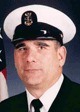 William 'Skip' Augle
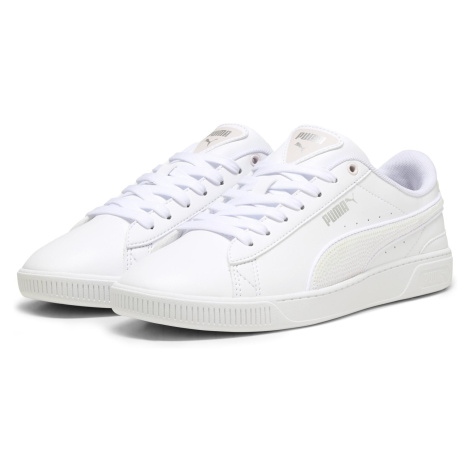 Puma Vikky v3 Winter Wonderland Dámské boty EU 392489-01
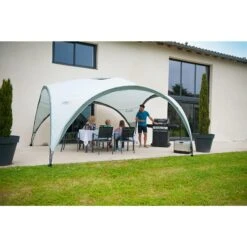 Coleman Large Shelter For Events - 3.65 X 3.65 Gazebo 7 Coleman Large Shelter For Events - 3.65 X 3.65 Gazebo -Camping Sales Shop k91e4beab58fcbb58b8f238edd3479b28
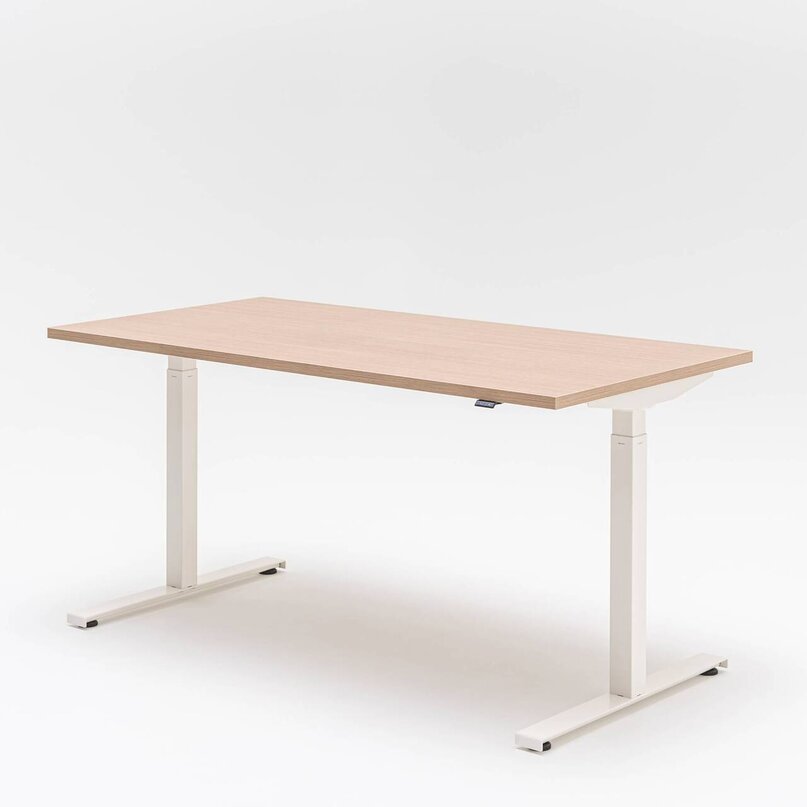 Pracovní stůl Ogi Drive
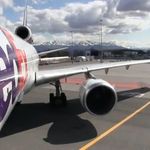 Profile Picture of Michael Weinblatt (@weinblattm) on Instagram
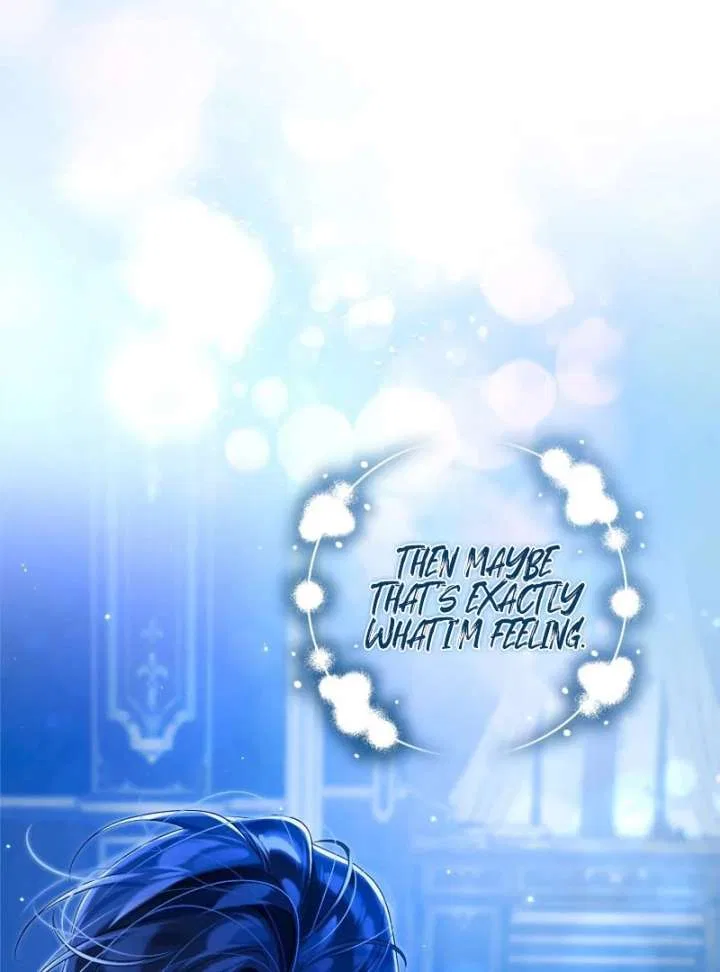I Won’t Regret My Second Life, The Happy Ending Comes After Revenge Chapter 25 – Page 15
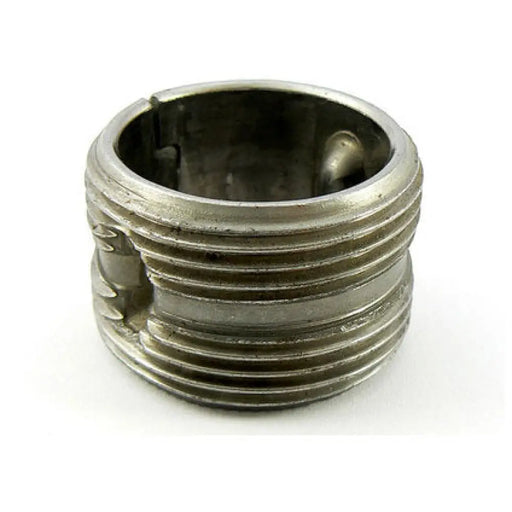 НИПЕЛ ЗА АЛУМИНИЕВ РАДИАТОР JOZI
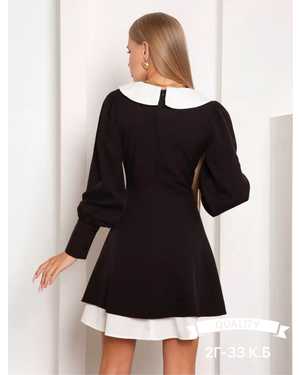 ПЛАТЬЕ В РАЗМЕР ТКАНЬ ХБ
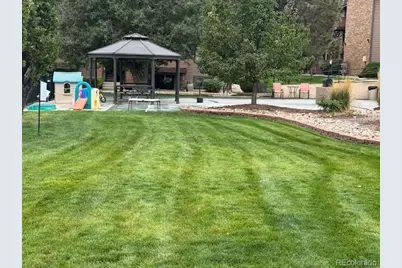 331 Wright Street #304, Lakewood, CO 80228 - Photo 28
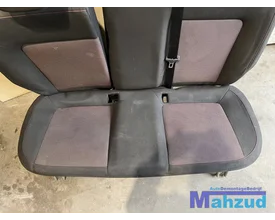 opel-corsa-d-3-deurs-interieur-20052014 — foto 10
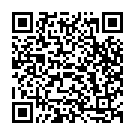 Ranga Jaba Dite Giye Song - QR Code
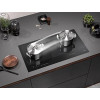 Miele KM 7678 FL - зображення 3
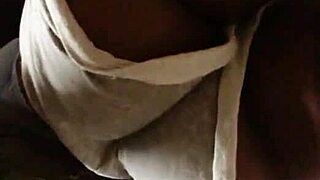 Busty Milf Blowjob and Stripping Compilation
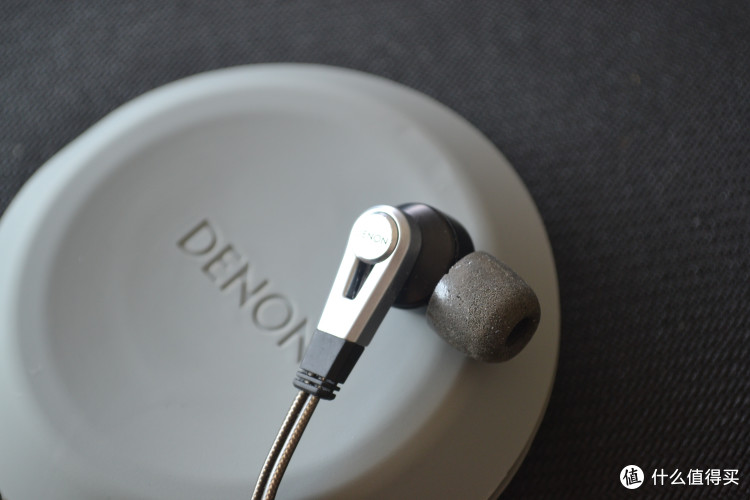 #原创新人#Can you feel that super bass?天龙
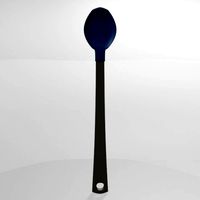 hot safety spoon 01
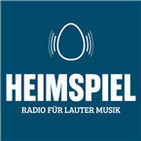 Heimspiel Radio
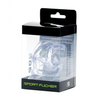 Sport Fucker Powersling - Clear - Penis Enhancement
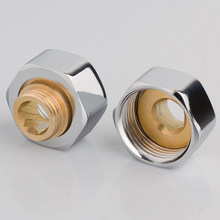 ������ñ�������^�����ԡ���^�Ƚz���^���b��ĸ�_��ˮ�y������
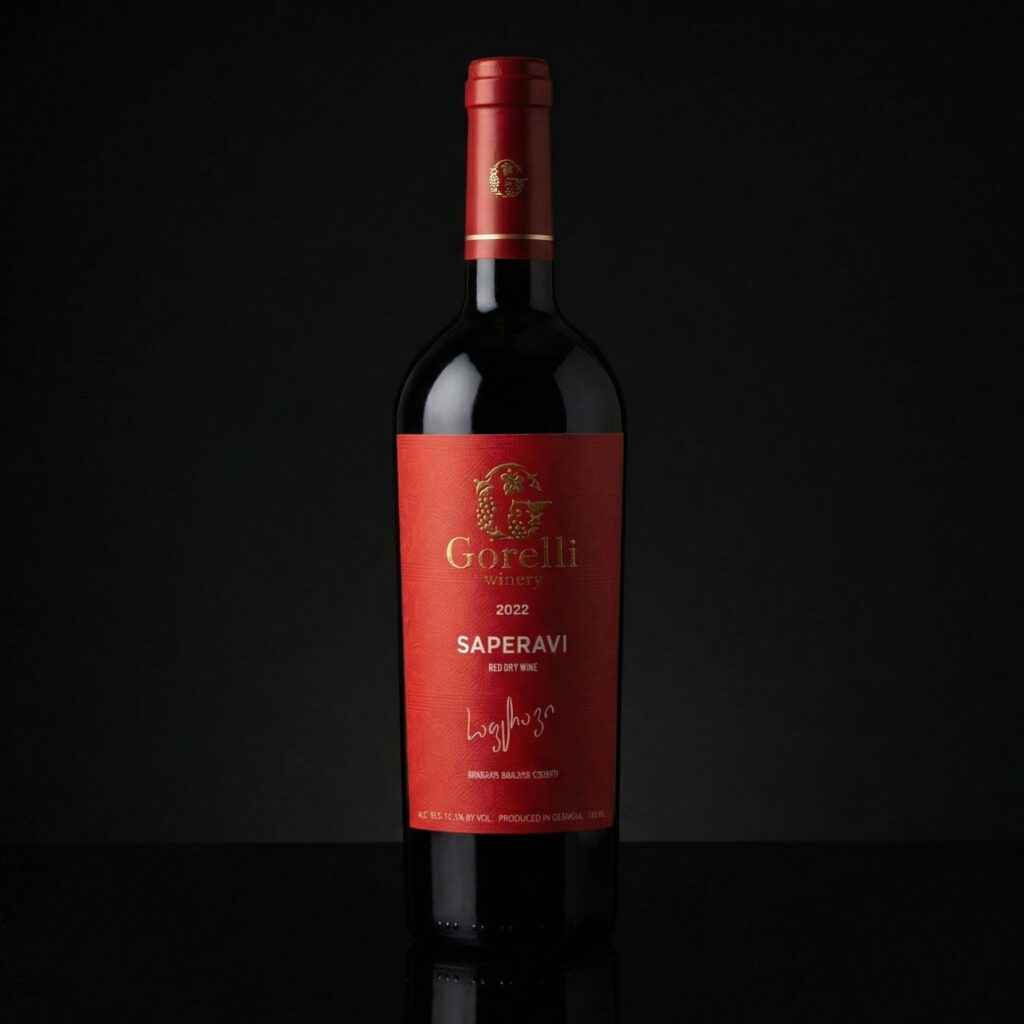 generated image february 04, 2026 5 54pm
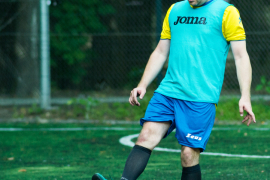 <a href="https://st.getinfootball.com/albums/1097279/68d1c9e88ffe6_1920.jpg" target="_blank">Завантажити оригінал</a>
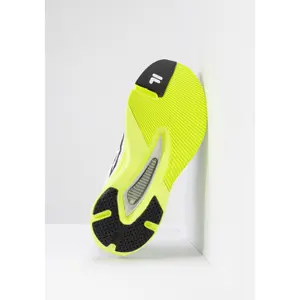 Zapatillas de running para mujer Fila Shocket Train image-6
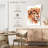 Brampt All Things Majestic-108556159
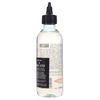 Davines OI Liquid Luster 10.14 oz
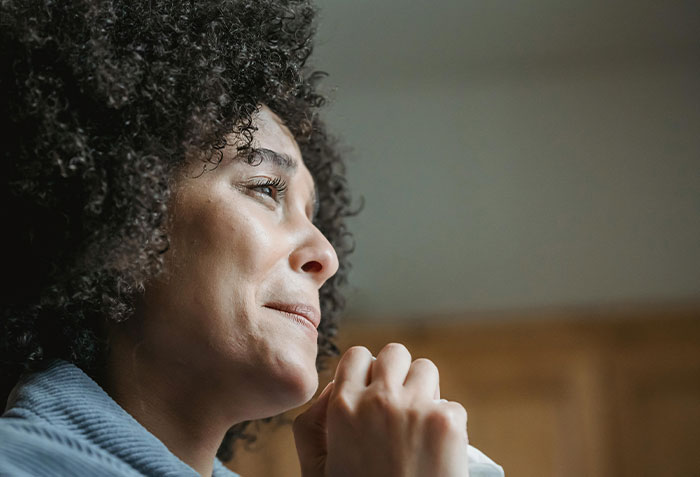 Mom Blames Herself For Turning Her 9YO Into A Karate Girl Defending Friends From Bullies Mom Blames Herself For Turning Her 9YO Into A Karate Girl Defending Friends From Bullies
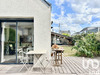 Ma-Cabane - Vente Maison Vannes, 122 m²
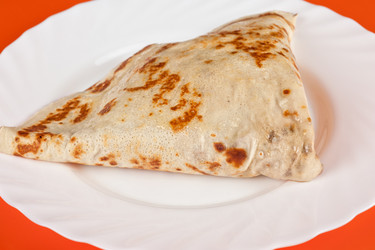 Similar image 6589821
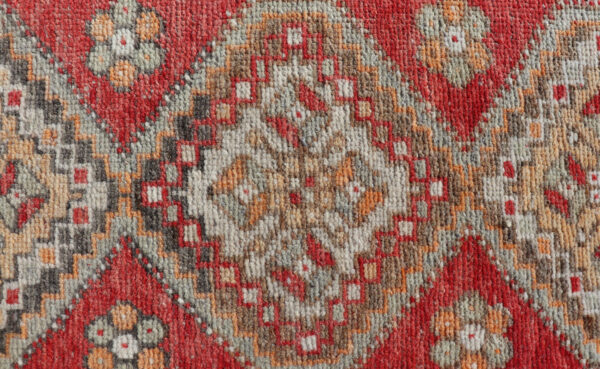 Rug TU-MTU-4674 - Image 3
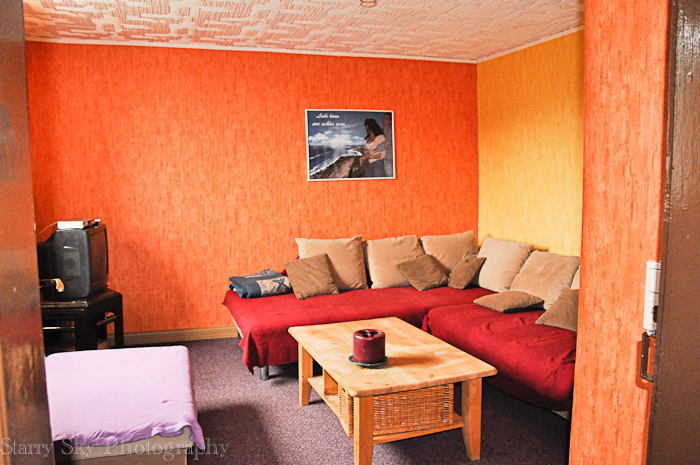 Jul 2012 bruch house web-8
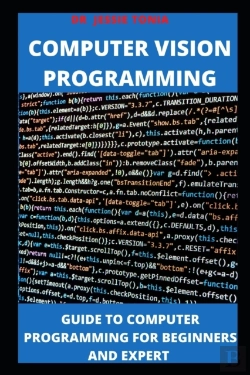 Bertrand.pt - Computer Programming Vision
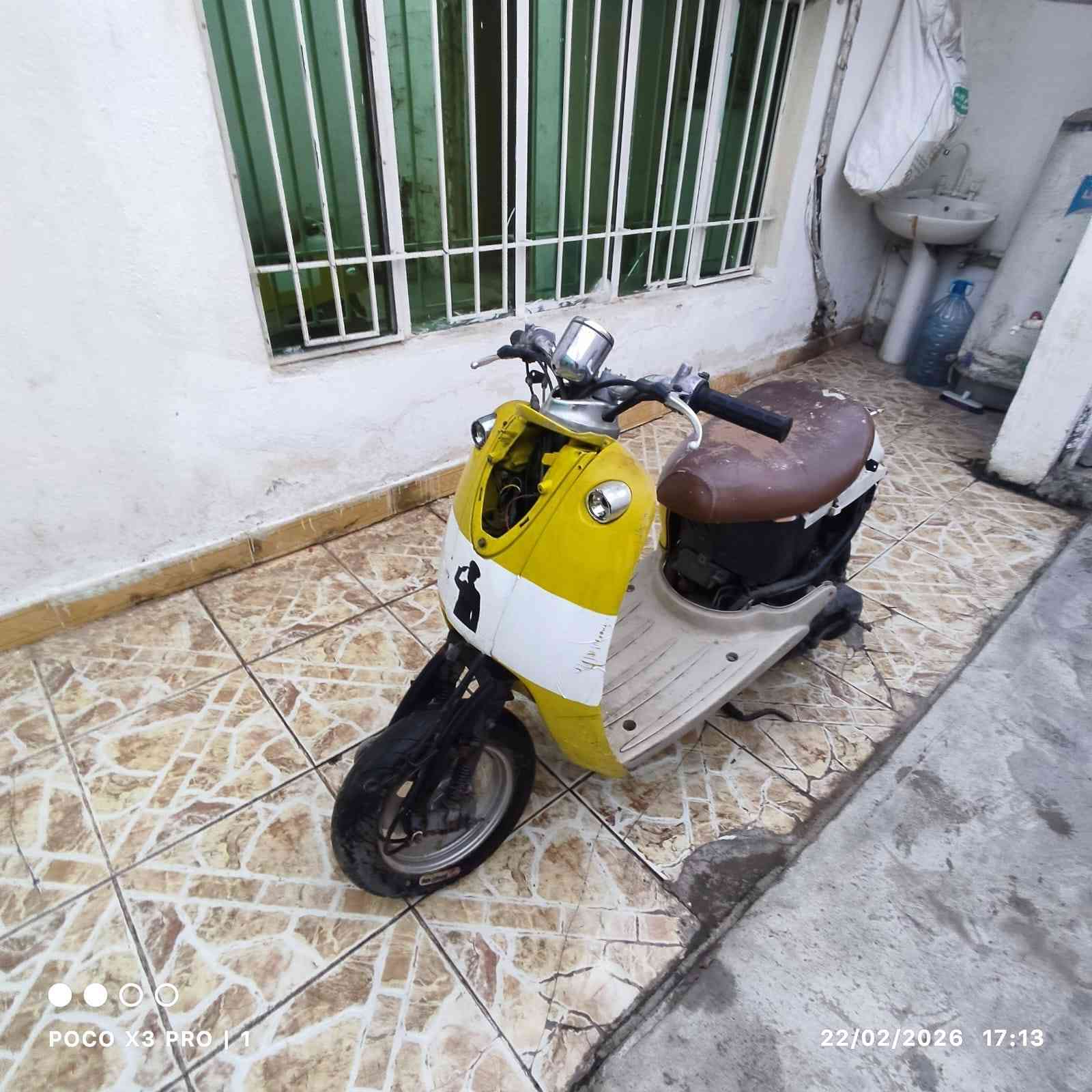 عبد الحليم للبيع بسعر(75)الف
الهاتف/***********
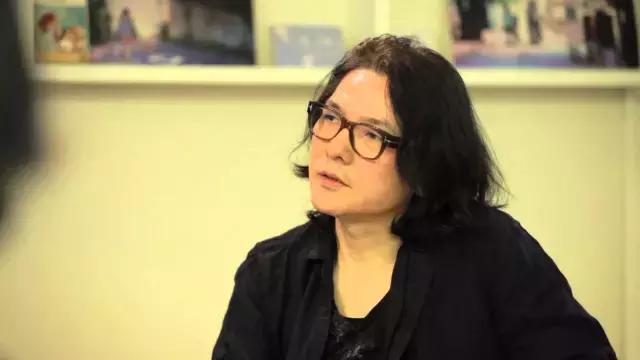 为什么说水瓶座是外星人星座,水瓶座为什么是外星人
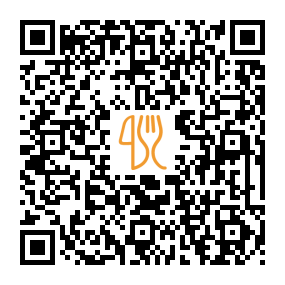 Link z kodem QR do karta Bbq The Finest Steakhouse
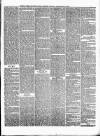 Torquay Times, and South Devon Advertiser Saturday 09 December 1876 Page 5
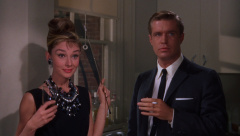 Breakfast-at-Tiffanys-1961-stills-17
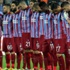 Trabzonspor - Akhisar Belediyespor maçı ATV canlı yayın | İzle Trabzonspor - Akhisar Belediyespor maçı ATV canlı yayın | İzle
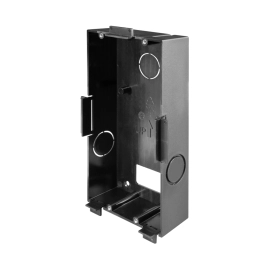 BCS-P-PP20 BCS Point obudowa podtynkowa do panelu BCS-P-PAN2001G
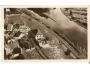 MĚLNÍK-SOUTOK LABE + VLTAVA / r.1950 /M157-16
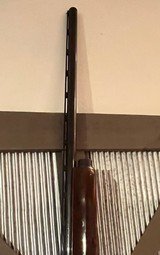 Remington 1100 12 gauge, 28” barrel Modified - 8 of 12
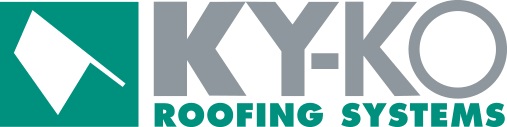 KY-KO Roofing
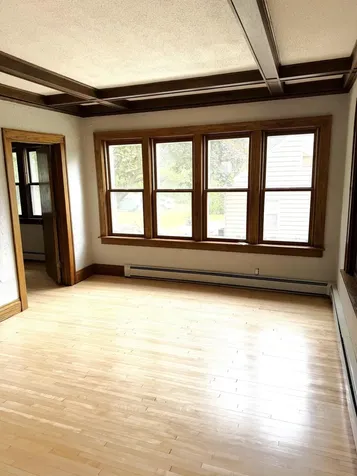 455 3rd Street SE Cokato MN 55321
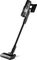 Gorenje SVC296449NMBL Akku-Handstaubsauger Vorschaubild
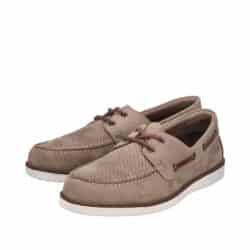 rieker-sejlersko-herre-beige-b2345-64-3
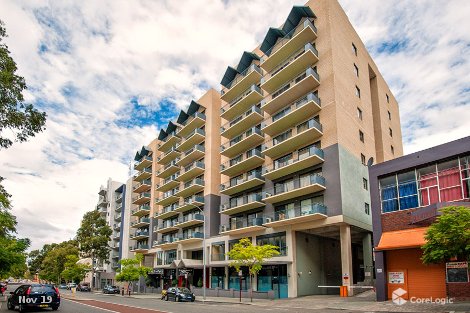 29/193 Hay St, East Perth, WA 6004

══════════════════════════════

Would you copy, word for word, only the lines above from the one containing "Torquay Times, and" through the one containing "MĚLNÍK-SOUTOK LABE +", both included, and please leave out the pictures?

 Torquay Times, and South Devon Advertiser Saturday 09 December 1876 Page 5
 Breakfast-at-Tiffanys-1961-stills-17
 Trabzonspor - Akhisar Belediyespor maçı ATV canlı yayın | İzle Trabzonspor - Akhisar Belediyespor maçı ATV canlı yayın | İzle
 BCS-P-PP20 BCS Point obudowa podtynkowa do panelu BCS-P-PAN2001G
 MĚLNÍK-SOUTOK LABE + VLTAVA / r.1950 /M157-16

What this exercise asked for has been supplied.